Jim Hutchinson wrote:
What I need to do is, using that list of contributors, select the top 20 or so (excluding bots) for each of the hundred selected articles and get a list of all of the other articles to which each of them contributed with a frequency count of edits. Ideally, this data would be in a table of sorts for each article selected (so 100 tables).
This could, of course, be done manually by searching for contributions by username. however, this will be time consuming and possibly error prone. My hope was that a query could grab this information fairly quickly as well as automatically count frequencies of edits per article, etc.
I don't have the expertise to do this myself, but I do know someone who can and has requested an account. However, he is afraid he will not be granted an account for what will likely be a one time project.
Is there likely an API that can do what I described or would a query be an easier or more efficient way to go?
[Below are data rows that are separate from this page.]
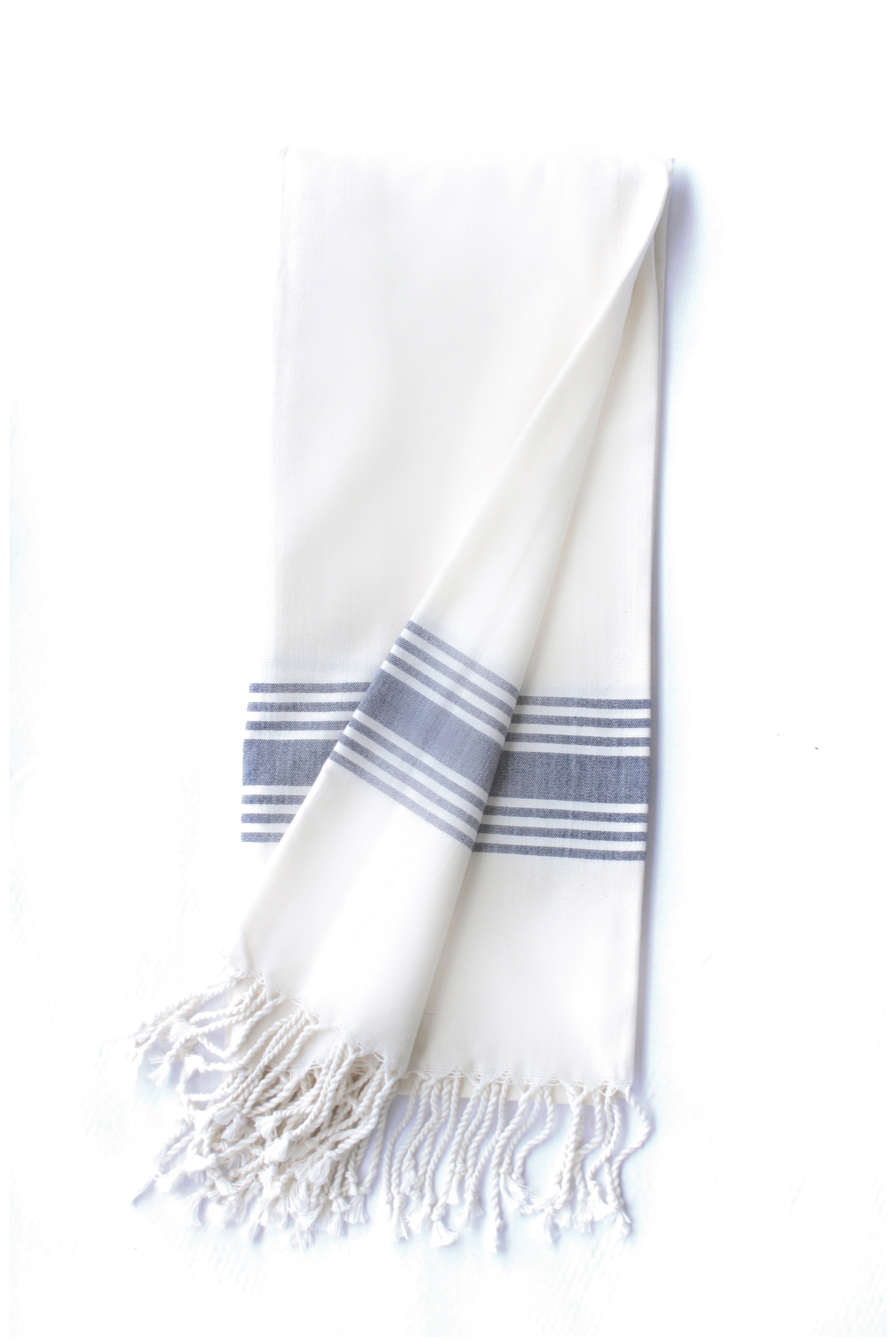 Le Boulou - White - premium quality - Beach House Towels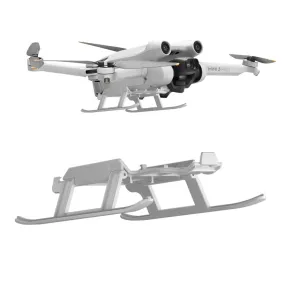 STARTRC Folding Anti-fall Anti-dirt Heightened Landing Gear Training Rack for DJI Mini 3 Pro (Grey)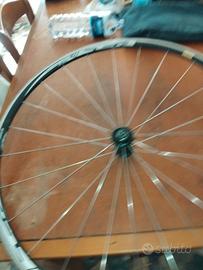 ruota per bici corsa 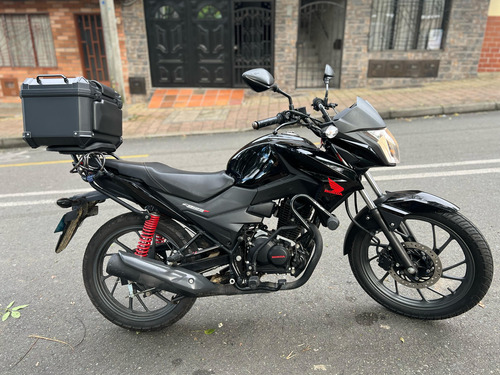 Moto Honda Cb125f Modelo 2023 Única Dueña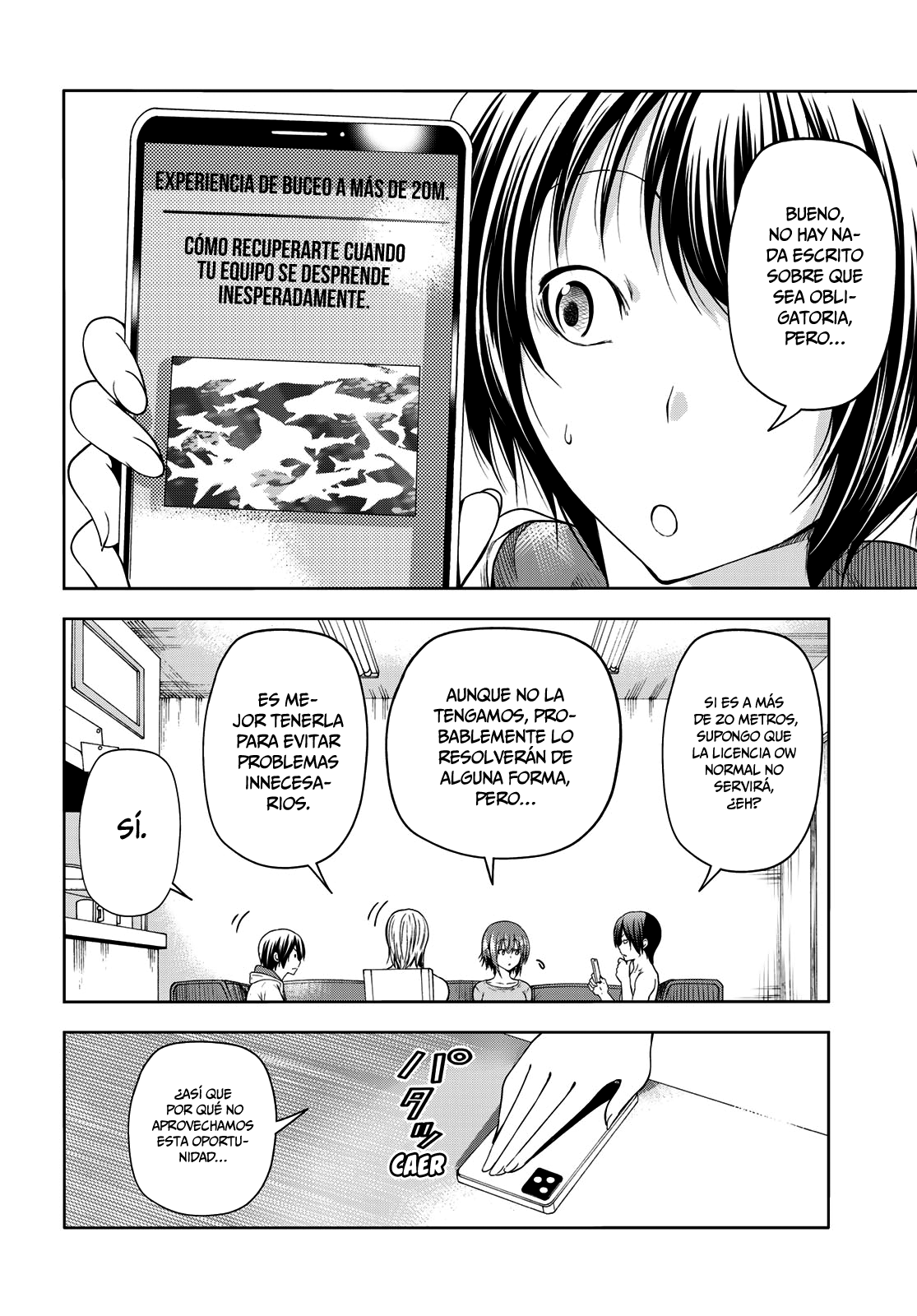 Read Grand Blue (es) Manga Online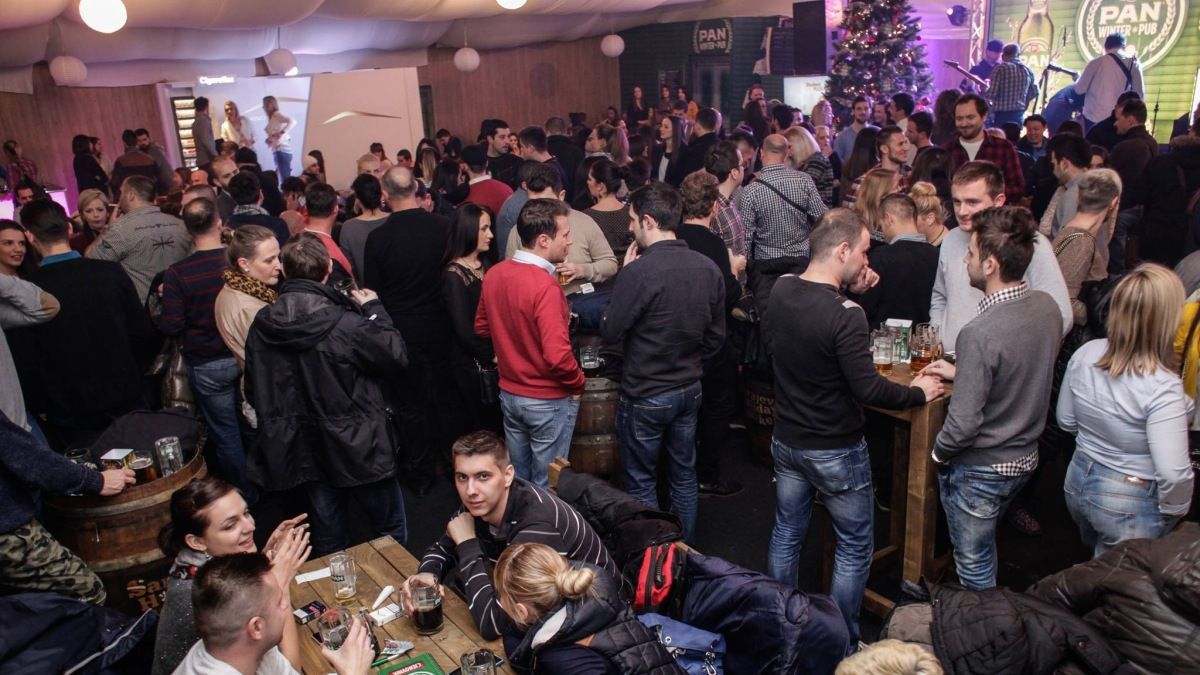 Pan Winter Pub, Disco party na ledu i Somersby obećavaju sjajan provod na Sarajevo Holiday marketu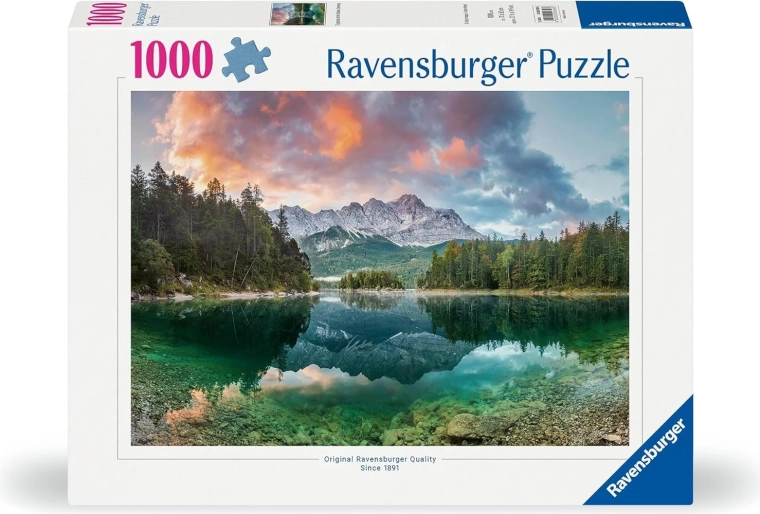 Ravensburger Puzzle Zugspitze am Eibsee 1000 Teile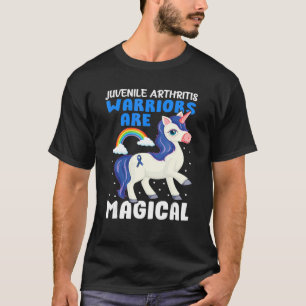 Camiseta Friso Azul Juvenil Guerreiros da Artrite Magnética
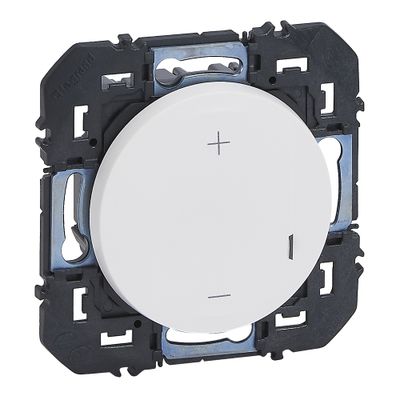 Variateur de lumière avec témoin lumineux blanc - Dooxie LEGRAND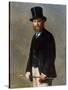 Edouard Manet (1832-1883)-Henri Fantin-Latour-Stretched Canvas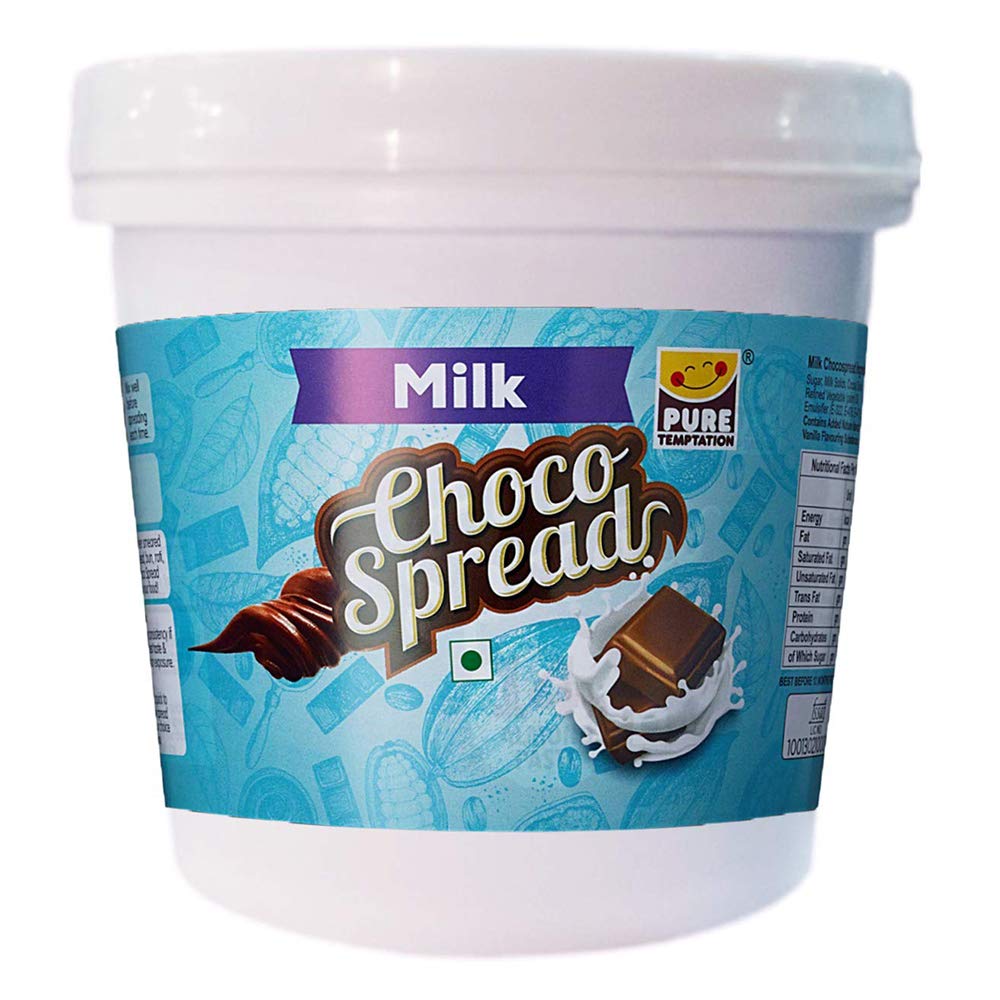 Pure Temptation® Premium Milk Chocolate Flavoured Choco Spread Jar 1 kg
Yeah, user contributions are one of those things that are sometimes vastly easier with the direct queries, as some users have thousands and thousands of edits. This is obviously a problem for very few sites (mostly some popular Wikimedia wikis), but for the wikis where it is a problem, it can really slow things down to have to pull/aggregate so many edits. :-)
You can try filing a ticket in JIRA through the Query service. Alternately, I recently made a page at Meta-Wiki (http://meta.wikimedia.org/wiki/Tech) where you could try posting. I mostly set up the page because I felt trying to get people to figure out JIRA, in addition to forcing them to articulate what they actually want from the database, is too much. Plus it can act as more of a forum/help desk than JIRA can.